Publication year - 2019
Publication title -
diabetic medicine
Language(s) - English
Resource type - Journals
SCImago Journal Rank - 1.474
H-Index - 145
eISSN - 1464-5491
pISSN - 0742-3071
DOI - 10.1111/dme.13910
Subject(s) - medicine , diabetes mellitus , population , cohort , growth hormone deficiency , gestational diabetes , pediatrics , endocrinology , hormone , pregnancy , growth hormone , gestation , environmental health , biology , genetics
Aims To determine the long‐term risk of diabetes in a cohort of children treated with recombinant human growth hormone in Israel, using data from the Israeli National Diabetes Register. Methods Between 1988 and 2009, 2513 children were approved for growth hormone treatment. They were assigned to one of two groups. The first group included children treated for isolated growth hormone deficiency and who were small for gestational age and the second included those treated for multiple pituitary hormone deficiency, chronic renal failure, Turner syndrome or Prader–Willi syndrome. The cohort was cross‐linked with the Israeli National Diabetes Register for 2014 (mean follow‐up duration 12.1±5.3 years), and prevalent cases of diabetes were identified. Standardized prevalence ratios for diabetes were calculated for people aged 10–29 years. Results In 2014, a total of 23 individuals were identified with diabetes (four with pre‐existing diabetes, seven developed diabetes before age 17 years and 12 developed it at a later age). In the isolated growth hormone deficiency and small‐for‐gestational‐age group there was no difference in the prevalence of diabetes compared with the general population (standardized prevalence ratio 2.05, 95% CI 0.94–3.89).
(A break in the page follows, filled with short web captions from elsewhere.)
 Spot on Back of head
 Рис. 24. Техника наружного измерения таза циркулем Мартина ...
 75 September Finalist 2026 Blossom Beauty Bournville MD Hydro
In the group that included people with multiple pituitary hormone deficiency, chronic renal failure, Turner syndrome and Prader–Willi syndrome there was a significantly higher diabetes prevalence (standardized prevalence ratio 11.94, 95% CI 6.53–20.00) compared with the general population. Conclusions No difference in diabetes prevalence was found in the isolated growth hormone deficiency and small‐for‐gestational‐age group, compared with the general population. Children treated with growth hormone with pre‐existing risk factors had an increased prevalence of diabetes. It is advisable to monitor blood glucose levels closely during and after growth hormone treatment, especially in such children.